Is it ever okay to lie? It’s an important question on which there is no clear consensus. There are three problems to consider:
- those who have no right to the truth
- those who can’t handle the truth
- those who do not have the use of reason
Concerns: The concern of the first is for the safety and legitimate privacy of the innocent. Concern for the second is for people’s feelings and psychological ability to handle the truth. Concern for the third includes having to hold back on feeding the wonder and imagination of children or people with severe mental disabilities that do not have the use of reason, which could significantly increase their joy. Santa Claus and the tooth fairy are examples.
Most moralists will say one should never directly lie. One could use language that diverts from the question, artfully dodge it, or remain ambiguous, but one should never tell an untruth in order to deceive. But what about those situations where ambiguity or diversion will not work? Example: is a store clerk is under any obligation to tell a robber where the money is that he would like to steal? Would lying to the robber be immoral when no diversionary tactic comes to mind? Is it even a lie? Could a home owner falsely tell a Nazi soldier banging on his door that “There are no Jews hiding in this house” – when he cannot quickly think of a creative way to remain ambiguous? Would these untruths be lies?
This brings us to perhaps the most important question: What is the definition of a lie? Let us start with this: A lie is telling an untruth with the intent to deceive… But does the definition end there, or can we rightly finish this sentence with endings that address one or all of the three problems mentioned above? For example, which (if any) of the following four statements is the true definition of a lie?
a) Telling an untruth with the intent to deceive.
b) Telling an untruth with the intent to deceive – those who have a right to the truth.
c) Telling an untruth with the intent to deceive – those who can handle the truth.
d) Telling an untruth with the intent to deceive – those who have the use of reason.
Is one of these a good working definition of lying? Could you combine two or more of these? Or should we stick with the first definition, admitting no exceptions to the prohibition of telling an untruth to deceive?
What are your thoughts?
Following.
Perhaps “Is it ever okay to lie?” isn’t the proper question. “What is a lie?” needs to be examined. The first question could be, “Is it ever okay to tell an untruth?” And, “When is telling an untruth not a lie?”

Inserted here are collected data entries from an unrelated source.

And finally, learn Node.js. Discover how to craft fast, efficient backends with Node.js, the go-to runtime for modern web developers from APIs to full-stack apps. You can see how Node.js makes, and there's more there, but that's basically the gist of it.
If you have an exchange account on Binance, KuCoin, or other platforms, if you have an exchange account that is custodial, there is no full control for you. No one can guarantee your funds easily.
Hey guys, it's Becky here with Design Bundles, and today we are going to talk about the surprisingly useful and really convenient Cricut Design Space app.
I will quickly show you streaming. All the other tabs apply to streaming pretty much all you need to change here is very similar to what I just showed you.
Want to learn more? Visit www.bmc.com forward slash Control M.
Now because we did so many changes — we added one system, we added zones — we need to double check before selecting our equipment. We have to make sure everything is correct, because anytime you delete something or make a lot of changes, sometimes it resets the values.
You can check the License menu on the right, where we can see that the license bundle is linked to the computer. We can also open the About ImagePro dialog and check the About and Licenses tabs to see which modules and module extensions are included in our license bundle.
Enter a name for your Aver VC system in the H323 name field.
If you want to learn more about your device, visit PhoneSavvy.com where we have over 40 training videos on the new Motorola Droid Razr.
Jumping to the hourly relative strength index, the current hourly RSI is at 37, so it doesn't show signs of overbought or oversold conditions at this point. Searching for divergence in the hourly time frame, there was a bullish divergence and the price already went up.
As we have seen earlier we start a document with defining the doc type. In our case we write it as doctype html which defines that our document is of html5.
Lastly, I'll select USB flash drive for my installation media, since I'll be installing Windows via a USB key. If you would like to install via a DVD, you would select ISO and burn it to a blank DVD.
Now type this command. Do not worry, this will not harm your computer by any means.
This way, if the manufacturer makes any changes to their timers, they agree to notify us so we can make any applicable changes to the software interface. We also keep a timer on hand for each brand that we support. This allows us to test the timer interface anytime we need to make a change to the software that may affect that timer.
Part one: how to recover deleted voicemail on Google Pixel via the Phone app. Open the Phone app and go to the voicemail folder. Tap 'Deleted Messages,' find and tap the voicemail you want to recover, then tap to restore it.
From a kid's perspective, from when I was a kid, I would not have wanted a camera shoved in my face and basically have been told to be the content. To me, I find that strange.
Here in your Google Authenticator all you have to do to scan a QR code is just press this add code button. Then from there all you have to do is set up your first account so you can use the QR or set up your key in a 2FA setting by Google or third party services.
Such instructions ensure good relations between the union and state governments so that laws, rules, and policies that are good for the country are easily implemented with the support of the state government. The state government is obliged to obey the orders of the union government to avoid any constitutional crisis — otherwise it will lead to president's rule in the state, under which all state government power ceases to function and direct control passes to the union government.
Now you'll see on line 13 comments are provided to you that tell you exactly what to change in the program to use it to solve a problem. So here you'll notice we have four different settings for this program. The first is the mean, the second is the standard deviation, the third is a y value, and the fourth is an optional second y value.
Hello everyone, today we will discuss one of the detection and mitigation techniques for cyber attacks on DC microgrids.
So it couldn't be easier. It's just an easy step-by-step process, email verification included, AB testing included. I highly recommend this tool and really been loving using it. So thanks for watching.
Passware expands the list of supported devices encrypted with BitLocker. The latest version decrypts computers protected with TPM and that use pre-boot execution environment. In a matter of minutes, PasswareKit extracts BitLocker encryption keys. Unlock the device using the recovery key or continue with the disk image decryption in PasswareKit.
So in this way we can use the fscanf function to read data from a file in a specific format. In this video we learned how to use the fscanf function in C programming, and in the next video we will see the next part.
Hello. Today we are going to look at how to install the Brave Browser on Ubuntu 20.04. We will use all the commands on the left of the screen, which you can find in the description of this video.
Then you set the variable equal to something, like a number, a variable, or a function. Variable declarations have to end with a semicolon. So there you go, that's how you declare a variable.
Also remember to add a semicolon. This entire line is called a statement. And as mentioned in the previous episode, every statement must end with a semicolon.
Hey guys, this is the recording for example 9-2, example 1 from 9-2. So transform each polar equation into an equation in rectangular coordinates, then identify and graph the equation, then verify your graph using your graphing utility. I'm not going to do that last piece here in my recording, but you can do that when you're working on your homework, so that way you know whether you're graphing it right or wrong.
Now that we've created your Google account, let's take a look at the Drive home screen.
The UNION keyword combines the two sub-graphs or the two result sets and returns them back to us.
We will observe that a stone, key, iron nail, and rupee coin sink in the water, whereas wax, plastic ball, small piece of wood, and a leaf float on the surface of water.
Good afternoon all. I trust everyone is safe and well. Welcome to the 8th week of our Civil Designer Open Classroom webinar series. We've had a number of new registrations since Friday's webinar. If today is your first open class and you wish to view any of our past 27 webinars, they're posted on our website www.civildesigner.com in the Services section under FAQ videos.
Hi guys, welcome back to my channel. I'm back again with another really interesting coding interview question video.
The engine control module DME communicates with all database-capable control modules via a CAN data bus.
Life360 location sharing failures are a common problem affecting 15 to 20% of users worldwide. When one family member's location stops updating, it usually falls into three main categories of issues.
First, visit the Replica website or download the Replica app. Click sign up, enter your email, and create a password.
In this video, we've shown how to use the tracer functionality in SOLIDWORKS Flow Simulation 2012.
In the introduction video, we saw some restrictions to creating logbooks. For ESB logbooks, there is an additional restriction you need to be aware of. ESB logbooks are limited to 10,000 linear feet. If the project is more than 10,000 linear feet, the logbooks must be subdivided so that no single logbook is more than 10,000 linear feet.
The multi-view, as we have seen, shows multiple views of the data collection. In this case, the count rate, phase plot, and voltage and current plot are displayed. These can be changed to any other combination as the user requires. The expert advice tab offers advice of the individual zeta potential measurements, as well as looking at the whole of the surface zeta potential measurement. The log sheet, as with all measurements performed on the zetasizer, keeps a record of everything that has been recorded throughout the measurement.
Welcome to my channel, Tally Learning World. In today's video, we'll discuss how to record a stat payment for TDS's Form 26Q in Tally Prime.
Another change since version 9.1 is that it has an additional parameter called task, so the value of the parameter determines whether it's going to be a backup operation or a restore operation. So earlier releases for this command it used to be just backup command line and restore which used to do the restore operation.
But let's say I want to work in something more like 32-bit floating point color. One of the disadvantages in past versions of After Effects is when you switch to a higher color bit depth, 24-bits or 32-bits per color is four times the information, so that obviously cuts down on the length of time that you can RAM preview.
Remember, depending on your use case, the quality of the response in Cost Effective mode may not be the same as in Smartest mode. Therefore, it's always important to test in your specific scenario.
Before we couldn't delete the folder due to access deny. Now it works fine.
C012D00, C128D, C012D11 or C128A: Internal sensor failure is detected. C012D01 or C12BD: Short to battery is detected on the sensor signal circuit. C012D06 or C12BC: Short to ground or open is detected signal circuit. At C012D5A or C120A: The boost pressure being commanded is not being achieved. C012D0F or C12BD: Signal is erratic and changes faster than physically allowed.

The original text of the Commandment – “thou shall not bear false witness” – ends with the caveat “against thy neighbor”. (Ex 20:16)
I suspect this is why the CCC prefaces the discussion of lying with: “By “putting away falsehood,” [Christians] are to “put away all malice and all guile and insincerity and envy and all slander.””
After stating that “A lie consists in speaking a falsehood with the intention of deceiving”, the subsequent parts of the CCC go on to describe the effects of a lie in terms of the evil it causes and of the necessity for just reparation.
In addition, it makes it clear that culpability is related to the harm suffered by the “victim” (in this case a Nazi officer). But such a falsehood can actually do good for the “victim” (if it prevents him from carrying out an atrocity)… which is the opposite of harm.
One begins to wonder if a “negative culpability” is possible…
In any event, the “no Jews here” falsehood in no way fits is with those descriptions. One is tempted to say “It may look like a duck, but if it doesn’t walk like a duck and quack like a duck and fly like a duck and poop like a duck, it probably isn’t a duck”.
I”m tempted to say that such a falsehood is simply not a lie at all.
I can understand perfectly well why the Church does not openly say so… many will hear it as “telling falsehoods in sometimes OK!” This would be easily taken as condoning proportionalism, which then turns into “I can do anything if I think I have a good enough reason”
But lies don’t always cause *visibly apparent harm.” If an act is inherently wrong, its apparent consequences are irrelevant. The first edition of the CCC’s definition of lying added to the one you stated with, “…to those who have a right to the truth.” With this definition, the falsehood said to he Nazi would not be a lie. However, the second edition took this ending out, and left the definition you stated, calling it intrinsically evil. Hence, the confusion.